La dernière étape de notre séjour passait par la ville d’Uji (宇治市) située au Sud de Kyoto. Uji est reconnue pour sa production et distribution de thé vert, depuis que le Shōgun Ashikaga Yoshimitsu (1358–1408) promut sa cultivation dans cette région. L’objectif de notre passage à Uji était la visite du temple bouddhiste Byōdō-in (平等院). Il s’agissait initialement d’une riche villa construite en 998 pendant la période Heian, reconvertie ensuite en temple en 1052 par Fujiwara no Yorimichi (藤原頼通), après l’avoir hérité de son père. Le pavillon du Phénix ou pavillon d’Amida, entouré d’un étang, a été construit en 1053. Il est célèbre car classé comme trésor national et représenté sur les pièces de 10 yens. Sur le toit de Byōdō-in, on trouve deux statues couvertes d’or de phénix ayant fière allure. On retrouve exactement la même figure de phénix représentée sur les billets de 10,000 yens. Un billet de 10,000 yens et une pièce de 10 yens étaient distribués à chaque visiteur pour pouvoir comparer et se faire une idée précise des ressemblances (je plaisante). Après avoir vu la représentation du Mont Fuji sur le billet de 1000 yens au lac Motosu (本栖湖) au tout début de cette année, j’ai l’impression qu’on essaie inconsciemment de faire le tour de tous les lieux représentés sur les billets japonais avant leur prochain renouvellement en Juillet 2024.

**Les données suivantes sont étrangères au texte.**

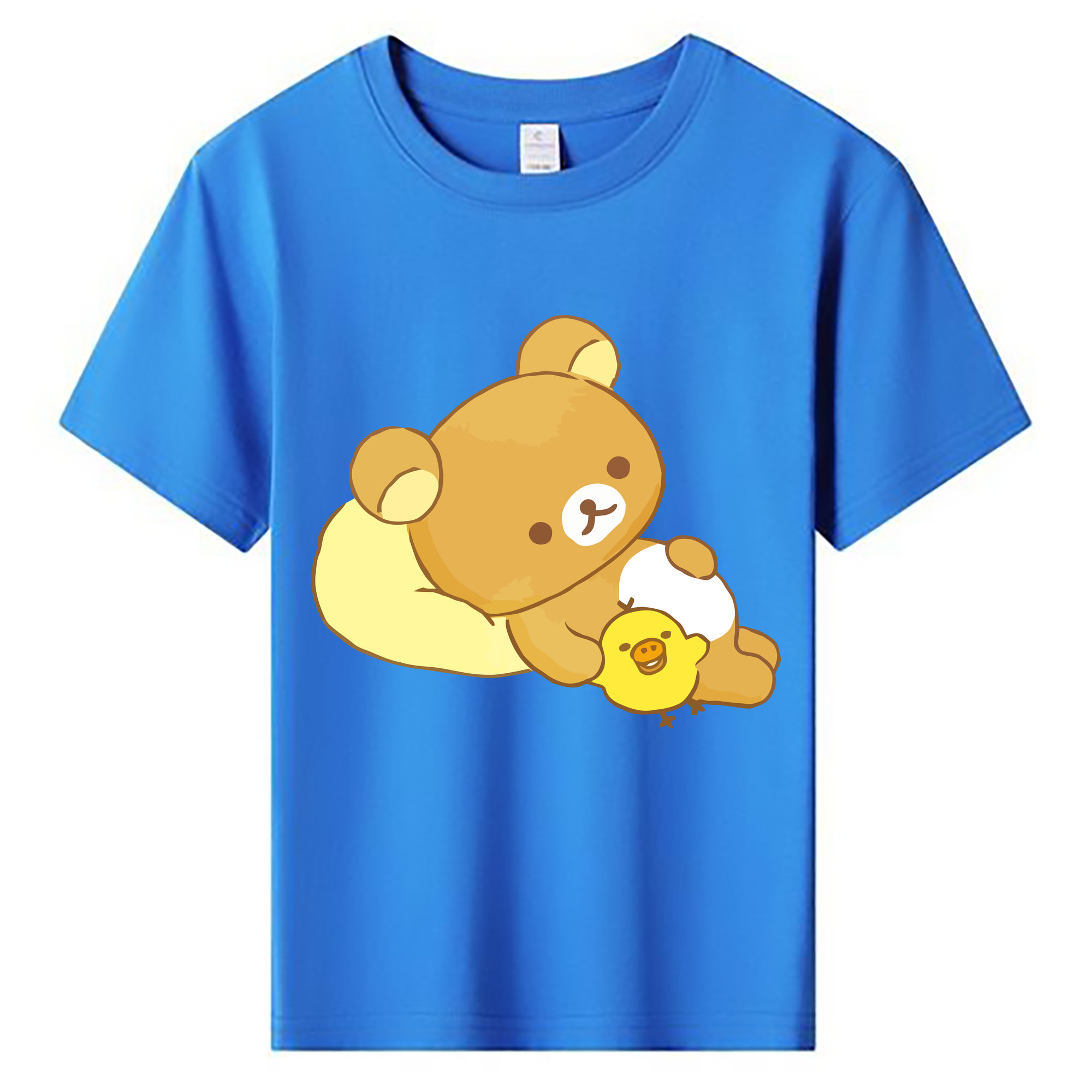 （画像用） リラックマ リラックマ キイロイトリ Rilakkuma Korilakkuma Kiiroitori 綿100％キッズTシャツ（フロントプリント）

Le hall principal de Byōdō-in est prolongé par deux ailes latérales composées de galeries et couloirs ouverts sur l’extérieur et portés par de fins pilotis. Ces ailes viennent agrandir la salle centrale et donne au temple une impression de grande légèreté. On y ressent même quelque chose de céleste, dans le sens où cette impression de légèreté nous allège en quelque sorte l’esprit. On peut bien sûr faire le tour du temple, mais également entrer à l’intérieur en réservant sur place pour un créneau horaire, une fois toutes les heures. Il ne faut pas arriver trop tard pour espérer voir l’intérieur, qu’il faut bien entendu ne pas manquer. Après une petite heure d’attente, nous avons pu entrer à l’intérieur. Les photographies y sont strictement interdites et la visite de 15 minutes avec guide est très encadrée. Un grand musée de béton se trouve également dans le parc tout près du temple, pratiquement caché sous terre et derrière la végétation. On ne le voit pratiquement pas depuis le temple. Je suis tout de suite tombé en admiration devant la qualité du béton, les espaces aux plafonds hauts et l’arrangement de l’espace intérieur. Ce musée nommé Byōdō-in Takaramonokan Hōshōkan (平等院宝物館鳳翔館) a été conçu par l’architecte Akira Kuryu (栗生明) et a ouvert ses portes en 2001. Parmi les objets exposés, on retrouve les statues de phénix en bronze du toit et une série de statues en bois de représentations bouddhistes sur des nuages. Ces Bouddhas se déplaçant sur des petits nuages m’on tout de suite rappelé le jeune Sangoku de Dragon Ball créé par le regretté Akira Toriyama. Plusieurs originaux de ces statues de Bouddhas volants sont en exposition dans le musée tandis que d’autres originaux sont restées fixés à l’intérieur du hall du Phénix que l’on a pu voir lors de notre visite guidée.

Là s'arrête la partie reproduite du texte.